Студент: Но д-р Кремер говорил об «ужасной» сцене с тремя еврейками, которые молили оставить им жизнь явно потому, что понимали, что их хотят убить.
Ф. Брукнер: А д-р Кремер писал, что их убили?
Студентка: Нет.
Ф. Брукнер: Лагерь Освенцим уже тогда пользовался жуткой репутацией, которая была вполне оправдана в связи с катастрофически высоким уровнем смертности в нем. Кроме того, движение Сопротивления уже тогда регулярно распространяло ужасные истории о массовых убийствах с помощью «пневматических молотов», в «электрических ваннах» и т. д. Среди заключенных, работавших в рудниках Верхней Силезии, ходили слухи, будто депортация в Освенцим означает «немедленную и ужасную смерть» [403]. Не удивительно, что многие вновь прибывшие были убеждены, что пробил их последний час, особенно если их на ночь запирали в каком-то помещении.
Студент: Что же тогда имелось в виду под «специальной акцией»?
Ф. Брукнер: Очевидно, процедура принятия голландских евреев в лагерь.
Теперь о двух процессах. На первом, который проходил в Польше, Кремер, как уже говорилось, был приговорен к смерти, но потом помилован и через десять лет освобожден. Что могло быть причиной столь необычной мягкости поляков?
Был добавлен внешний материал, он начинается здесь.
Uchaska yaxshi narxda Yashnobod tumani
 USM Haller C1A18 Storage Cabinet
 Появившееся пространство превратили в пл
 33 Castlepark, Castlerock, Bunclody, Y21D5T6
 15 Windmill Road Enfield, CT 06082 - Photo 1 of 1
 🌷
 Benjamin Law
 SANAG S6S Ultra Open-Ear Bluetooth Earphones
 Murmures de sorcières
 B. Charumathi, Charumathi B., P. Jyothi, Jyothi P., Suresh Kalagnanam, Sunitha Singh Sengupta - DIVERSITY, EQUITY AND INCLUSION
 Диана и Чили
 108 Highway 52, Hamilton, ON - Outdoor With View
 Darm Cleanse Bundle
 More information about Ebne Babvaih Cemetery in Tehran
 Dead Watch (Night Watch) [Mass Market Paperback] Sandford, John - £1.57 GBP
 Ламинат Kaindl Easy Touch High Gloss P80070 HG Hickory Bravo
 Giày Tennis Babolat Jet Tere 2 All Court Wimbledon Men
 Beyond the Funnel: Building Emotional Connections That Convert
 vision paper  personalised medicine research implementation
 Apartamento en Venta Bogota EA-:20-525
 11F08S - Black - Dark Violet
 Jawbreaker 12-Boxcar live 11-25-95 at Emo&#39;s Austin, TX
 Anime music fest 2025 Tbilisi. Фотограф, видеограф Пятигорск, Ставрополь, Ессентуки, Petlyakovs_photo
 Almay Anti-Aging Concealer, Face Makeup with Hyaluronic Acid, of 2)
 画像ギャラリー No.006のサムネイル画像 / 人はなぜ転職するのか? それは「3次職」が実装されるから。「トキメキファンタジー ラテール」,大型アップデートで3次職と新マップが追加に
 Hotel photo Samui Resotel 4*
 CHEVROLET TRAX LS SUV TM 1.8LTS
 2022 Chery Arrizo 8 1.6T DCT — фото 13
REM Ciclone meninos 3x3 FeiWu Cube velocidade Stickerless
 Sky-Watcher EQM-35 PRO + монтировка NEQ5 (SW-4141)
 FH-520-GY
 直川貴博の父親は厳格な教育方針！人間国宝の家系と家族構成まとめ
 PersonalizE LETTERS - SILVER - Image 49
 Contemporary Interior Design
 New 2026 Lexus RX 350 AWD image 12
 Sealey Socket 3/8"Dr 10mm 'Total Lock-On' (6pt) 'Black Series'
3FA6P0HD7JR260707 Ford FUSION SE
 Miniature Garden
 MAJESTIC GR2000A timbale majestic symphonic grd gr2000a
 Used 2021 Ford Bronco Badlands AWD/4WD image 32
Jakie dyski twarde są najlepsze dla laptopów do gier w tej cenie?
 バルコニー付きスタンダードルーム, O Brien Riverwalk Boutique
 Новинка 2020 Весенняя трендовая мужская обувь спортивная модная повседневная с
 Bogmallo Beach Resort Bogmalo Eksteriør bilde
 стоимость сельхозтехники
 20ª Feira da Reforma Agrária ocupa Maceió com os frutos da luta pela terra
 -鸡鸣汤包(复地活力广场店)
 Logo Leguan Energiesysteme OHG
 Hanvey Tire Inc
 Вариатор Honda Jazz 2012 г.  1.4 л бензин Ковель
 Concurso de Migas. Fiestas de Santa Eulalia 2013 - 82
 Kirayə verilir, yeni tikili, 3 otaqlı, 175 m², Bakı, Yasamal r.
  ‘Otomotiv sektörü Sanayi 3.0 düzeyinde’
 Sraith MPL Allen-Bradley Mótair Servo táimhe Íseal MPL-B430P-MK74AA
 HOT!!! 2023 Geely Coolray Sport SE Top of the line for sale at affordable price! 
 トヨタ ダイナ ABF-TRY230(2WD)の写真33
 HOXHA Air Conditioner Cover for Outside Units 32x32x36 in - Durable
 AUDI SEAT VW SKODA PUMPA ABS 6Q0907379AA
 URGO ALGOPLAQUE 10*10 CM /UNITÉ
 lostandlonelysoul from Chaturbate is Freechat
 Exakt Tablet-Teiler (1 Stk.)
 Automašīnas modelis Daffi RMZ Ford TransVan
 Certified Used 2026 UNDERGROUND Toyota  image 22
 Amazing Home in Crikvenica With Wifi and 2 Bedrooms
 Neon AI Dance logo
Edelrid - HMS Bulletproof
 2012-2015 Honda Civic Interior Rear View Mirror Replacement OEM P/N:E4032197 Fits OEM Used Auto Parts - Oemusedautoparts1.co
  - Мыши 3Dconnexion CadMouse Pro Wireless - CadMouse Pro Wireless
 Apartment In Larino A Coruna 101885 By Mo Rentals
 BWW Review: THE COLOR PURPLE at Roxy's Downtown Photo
Студент: Вероятно, поляки заключили сделку с Кремером и обещали ему помилование, если он истолкует на суде свои дневниковые записи как надо.
Ф. Брукнер: Доказать этого нельзя, но это вполне вероятно. А что могло подвигнуть д-р Кремера на Франкфуртском процессе вторично подтвердить факт убийств в газовых камерах?
Студентка: И здесь можно предположить сделку. М. Кремера заверили, что его приговорят к заключению с учетом срока, уже отбытого им в Польше, если он будет говорить то же, что и обвинители.
Ф. Брукнер: Полагаю, так оно и было. Восьмидесятилетнему старику вряд ли бы понравилась перспектива провести последние годы жизни за решеткой.
Студент: Все это недоказанные гипотезы!
Ф. Брукнер: Но зато логичные! На процессах против т. н. «нацистских преступников» в ФРГ, кстати, полностью признавшие свою вину обвиняемые, как правило, отделывались мягким приговором. Завтра я расскажу вам еще о нескольких таких случаях.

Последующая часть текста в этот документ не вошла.